- Task requirements -
The answer is the line containing "ADN & BSN to" plus every line after it to the end of the material, retyped exactly and without the pictures.

- Recorded information -

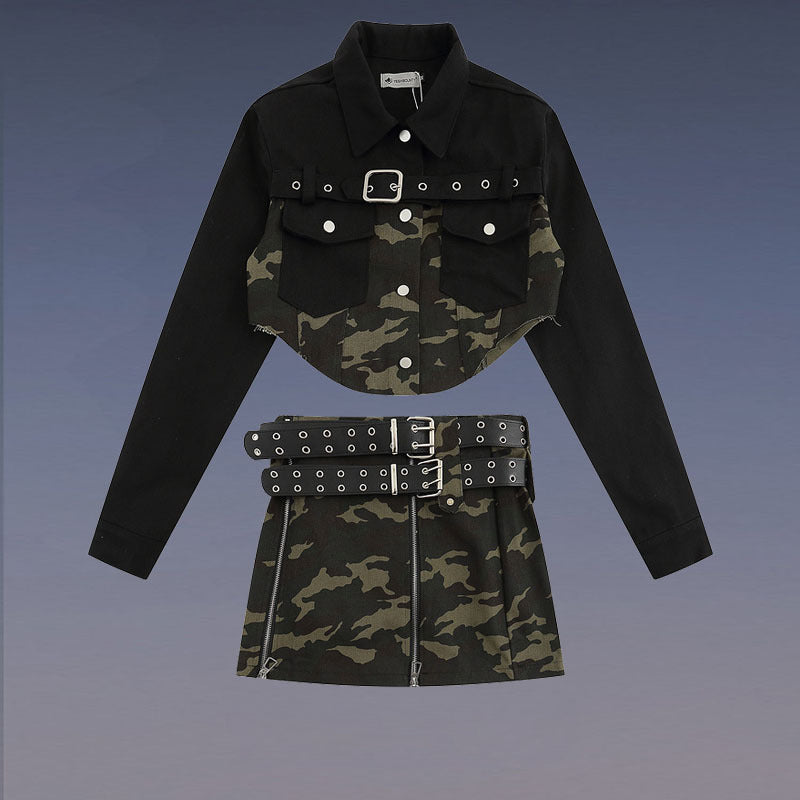 Women Jackets Retro Slimming Camouflage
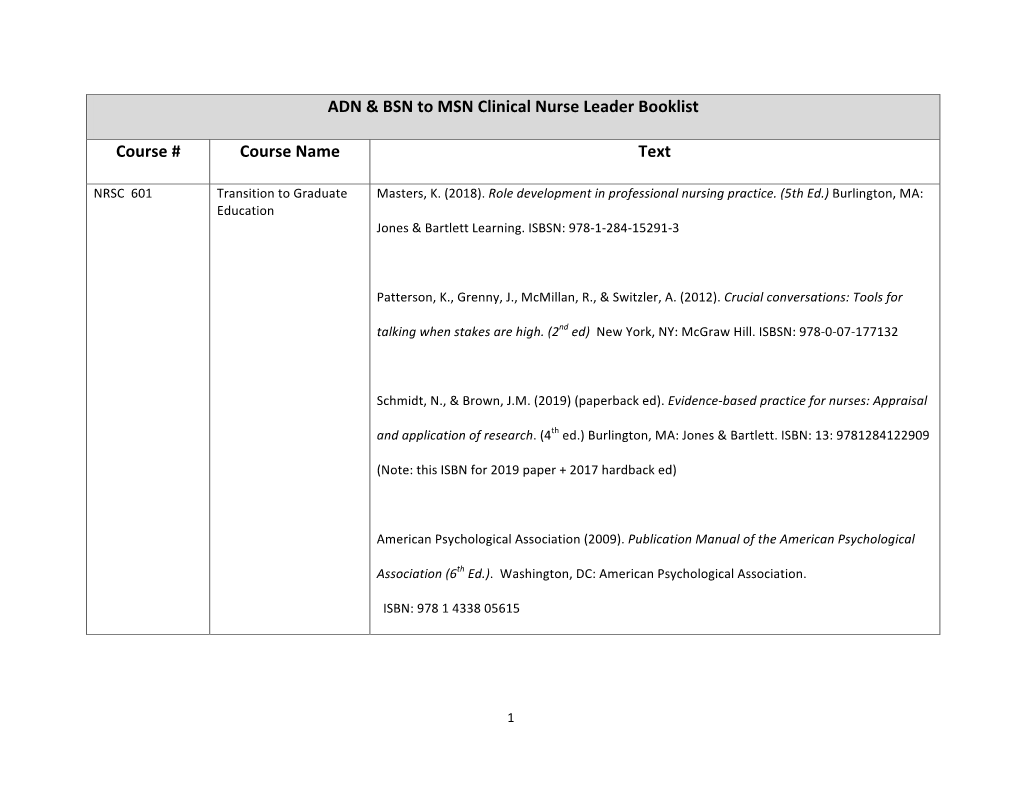 ADN & BSN to MSN Clinical Nurse Leader Booklist Course # Course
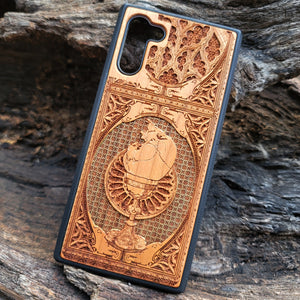 iPhone & Samsung Galaxy Wood Phone Case - The Chalice Gothic Pattern Gold Background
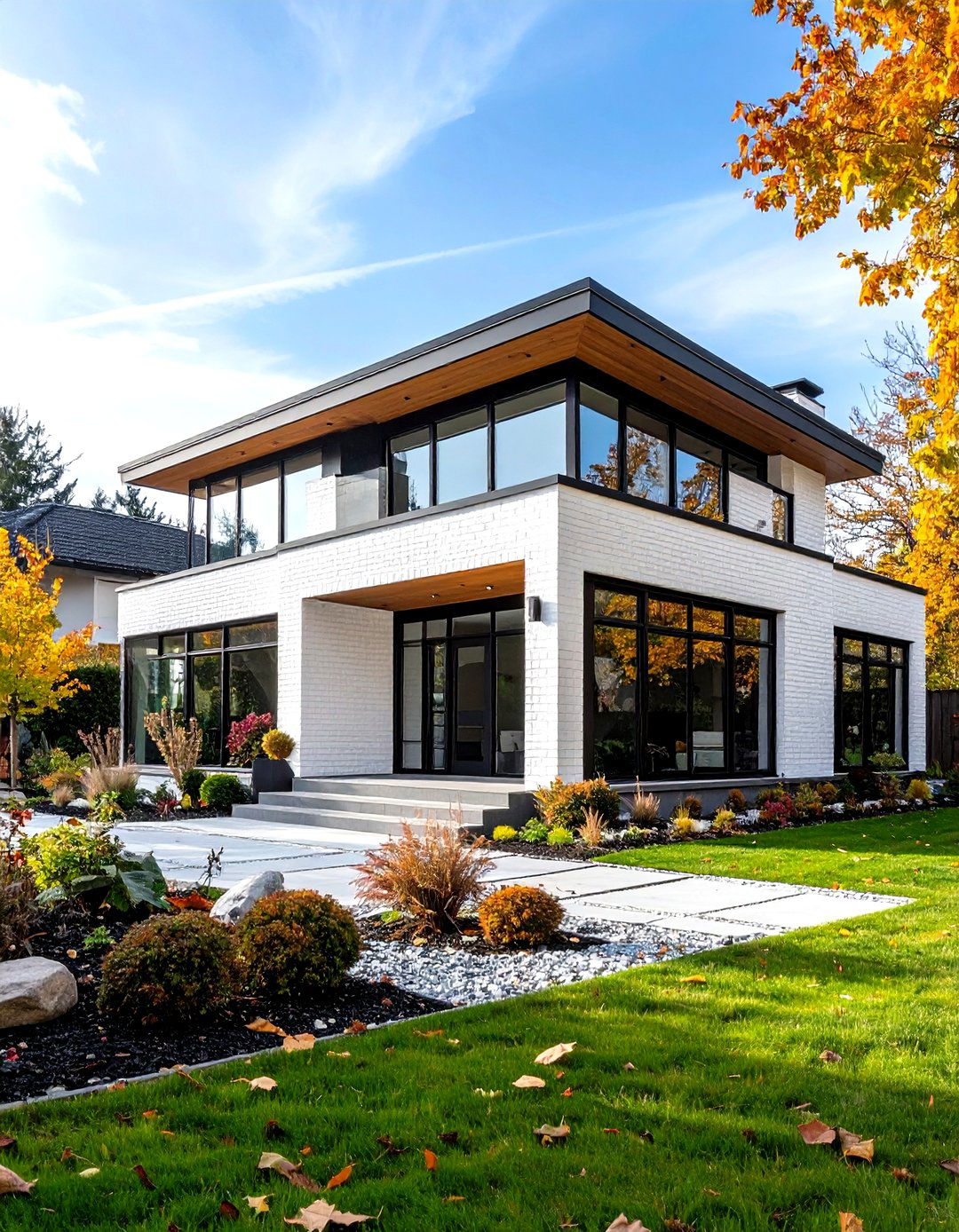 Mid Century Modern with Black Window Walls - 24 single story white house black trim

- Exercise response -
 ADN & BSN to MSN Clinical Nurse Leader Booklist Course # Course
 iPhone & Samsung Galaxy Wood Phone Case - The Chalice Gothic Pattern Gold Background
 Mid Century Modern with Black Window Walls - 24 single story white house black trim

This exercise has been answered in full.